10 Sep 2015
Acceleration in national house price growth was reinforced by the continued imbalance between falling new instructions to sell and rising buyer demand, according to the August 2015 RICS UK Residential Market Survey.
- Shortage of housing stock drives prices higher
- House prices set to rise by 6% in 2015
- New buyer inquiries continue to build at a solid rate
Read the survey in full
The imbalance between demand and supply
The RICS price indicator reached a 15-month high in August, with a net balance of 53% more respondents reporting price-rises, and firm-growth being seen across all areas of the UK.
Further analysis, using Office for National Statistics’ data as the comparator, indicates that prices now look likely to rise in the region of 6% over the course of 2015, compared with 3% predicted at the beginning of the year.
The strongest price growth is forecast in Northern Ireland, where prices are now anticipated to rise by 11% throughout 2015.
Both near and medium-term price expectations series from the survey are reflective of the imbalance between demand and supply. 37% more members are expecting prices to continue to rise over the next three months and 76% over the coming year.
Meanwhile the agreed sales balance edged upwards for the fourth successive month but a more robust recovery in activity is continuing to be held back in part by the lack of stock on the market.
At the national level
New buyer enquiries increased for a fifth month in succession, with 22% of respondents reporting a rise in demand, led by significant improvements in the West Midlands, Wales and the North West.
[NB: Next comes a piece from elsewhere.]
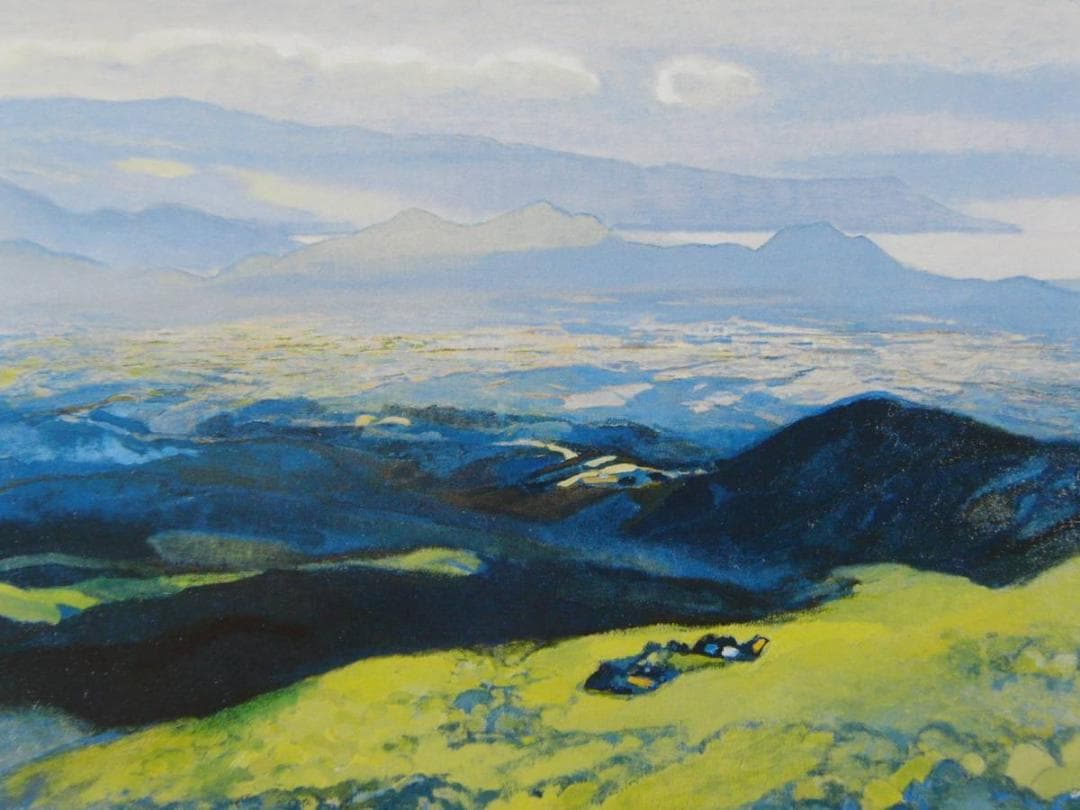 山羽斌士、【駿東伊豆長閑】、希少な額装用画集より、新品額装付、状態良好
New instructions, however, have yet to record any meaningful upturn since the middle of 2013, pushing average stock levels to record lows.
While the UK housing market has seen some substantial volatility in demand over the last 18-months, the most consistent feature has been a distinct shortage of new instructions. With respondents reporting another fall in appraisals during August, and looking at general market conditions, we have no reason to believe this will change in the near term. Therefore, despite the fact that demand has been picking up in recent months, we have lowered our forecast for transactions for 2015 from 1.25 million to 1.2 million. Alongside this, we have revised our expectations for price gains this year up to 6%.
In the lettings market
Tenant demand rose at a steady pace for the eighth successive month, outstripping the modest pick-up in new landlord instructions. Accordingly, rents are expected to increase in the near term, with 34% of respondents predicting a rise in rents during the next three months.